Exercise requirements: Given the entries below, would you transcribe exactly the lines starting at the one with "Herbst Sticker Set" and ending at the one with "Triangular shaped jewel", both kept, pictures omitted, nothing extra?

Provided information:
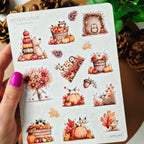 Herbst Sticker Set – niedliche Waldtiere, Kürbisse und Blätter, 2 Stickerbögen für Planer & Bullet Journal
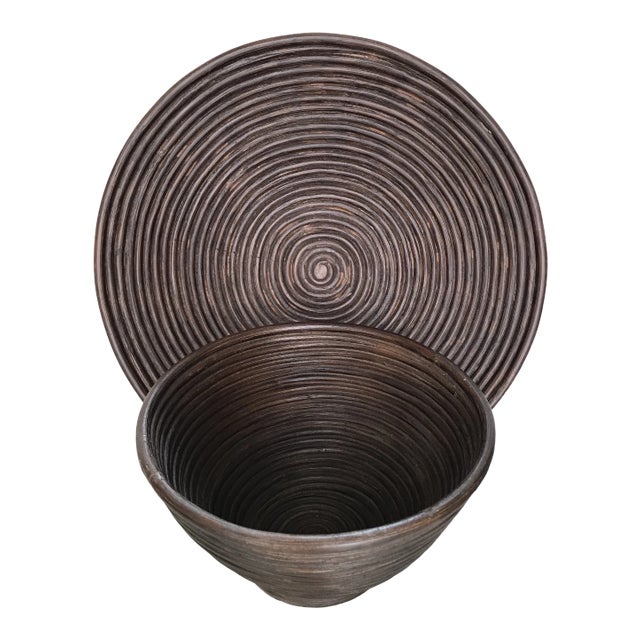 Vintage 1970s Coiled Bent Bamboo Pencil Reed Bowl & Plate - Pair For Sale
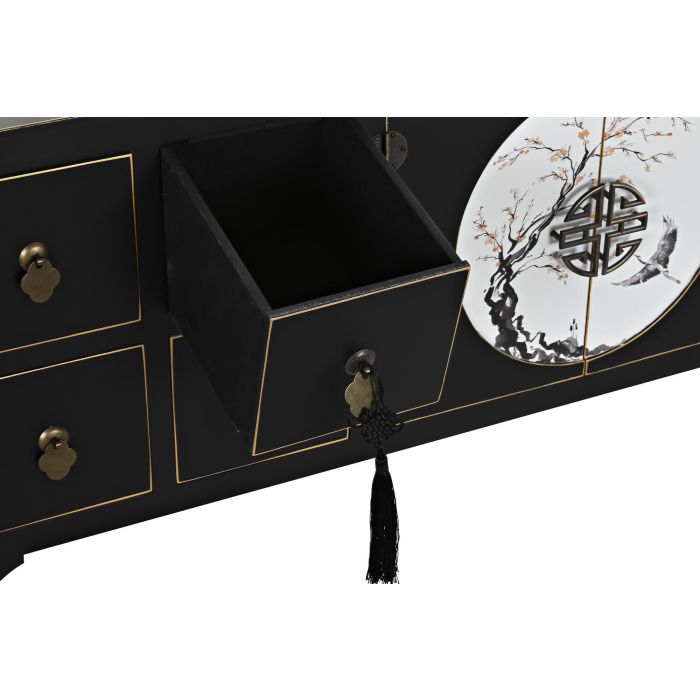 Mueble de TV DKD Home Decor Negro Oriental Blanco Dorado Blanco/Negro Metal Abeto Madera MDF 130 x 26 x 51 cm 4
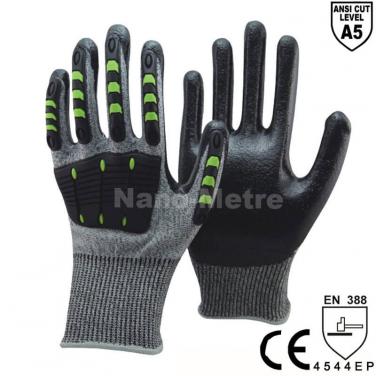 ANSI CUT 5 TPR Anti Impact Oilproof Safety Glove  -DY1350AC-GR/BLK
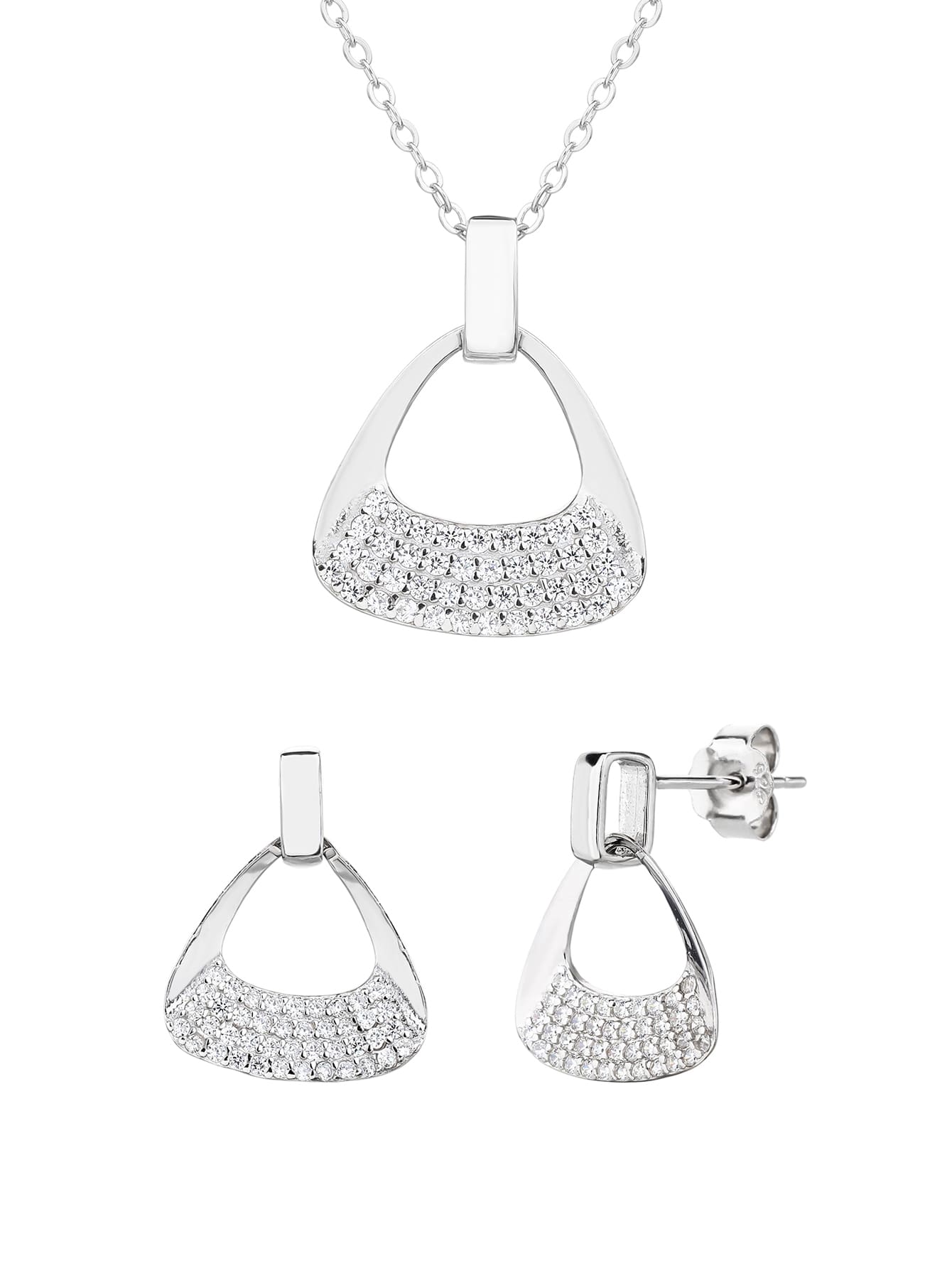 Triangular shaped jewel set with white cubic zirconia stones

--

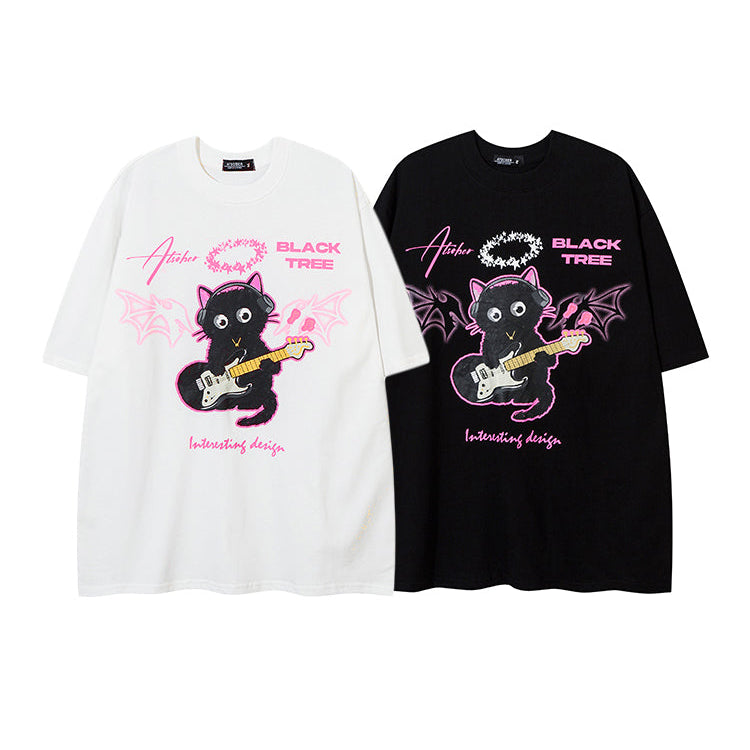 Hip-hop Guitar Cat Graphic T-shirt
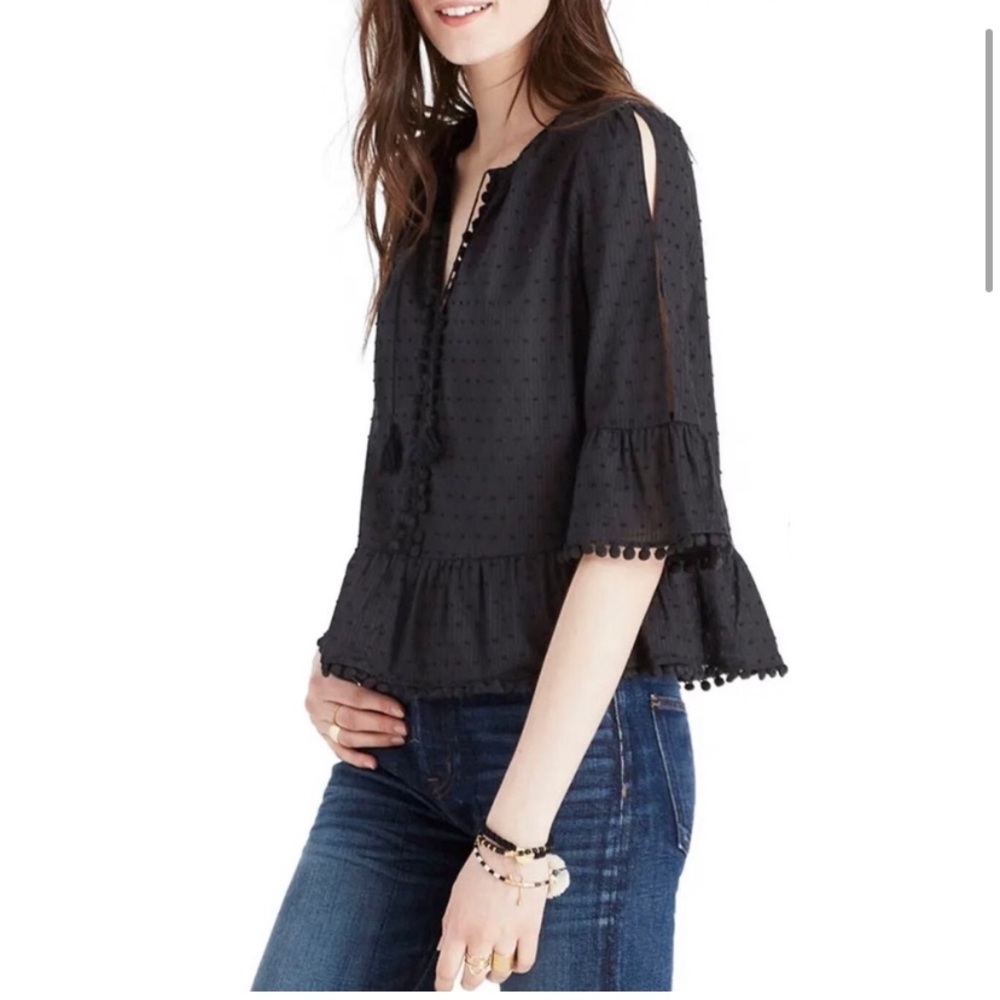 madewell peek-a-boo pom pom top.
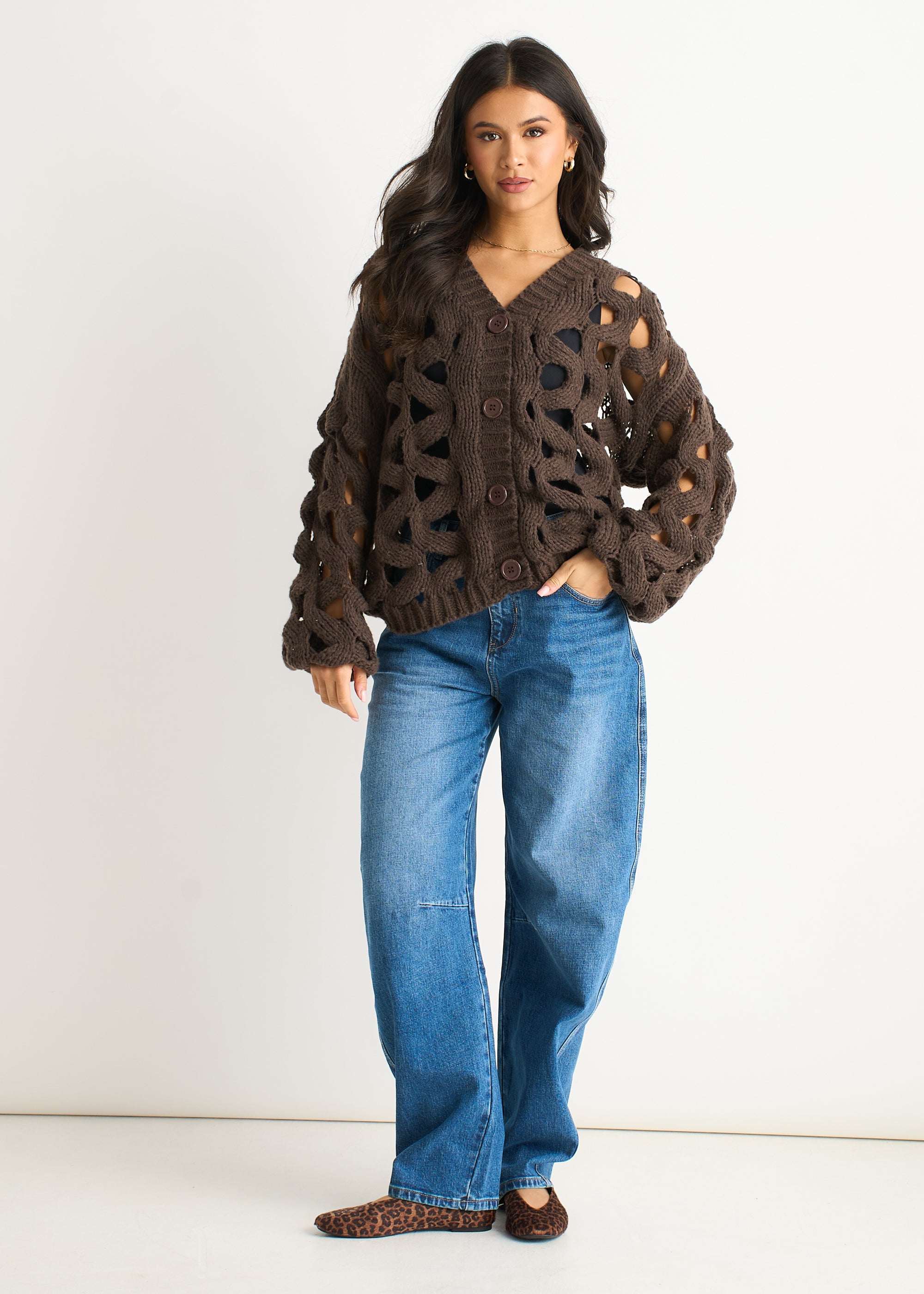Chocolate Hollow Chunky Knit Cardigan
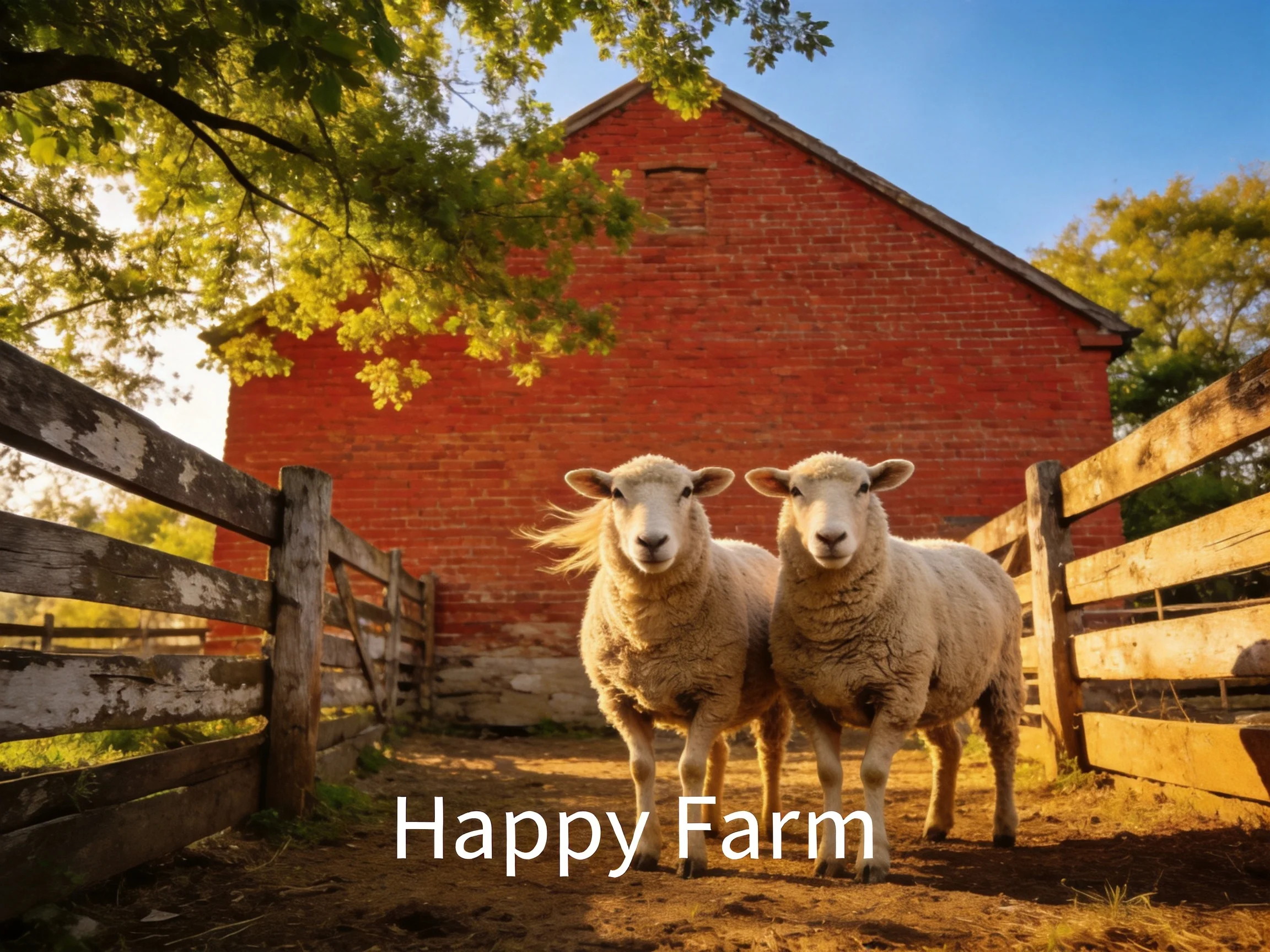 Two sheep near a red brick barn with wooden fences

Answer space:
 Herbst Sticker Set – niedliche Waldtiere, Kürbisse und Blätter, 2 Stickerbögen für Planer & Bullet Journal
 Vintage 1970s Coiled Bent Bamboo Pencil Reed Bowl & Plate - Pair For Sale
 Mueble de TV DKD Home Decor Negro Oriental Blanco Dorado Blanco/Negro Metal Abeto Madera MDF 130 x 26 x 51 cm 4
 ANSI CUT 5 TPR Anti Impact Oilproof Safety Glove  -DY1350AC-GR/BLK
 Triangular shaped jewel set with white cubic zirconia stones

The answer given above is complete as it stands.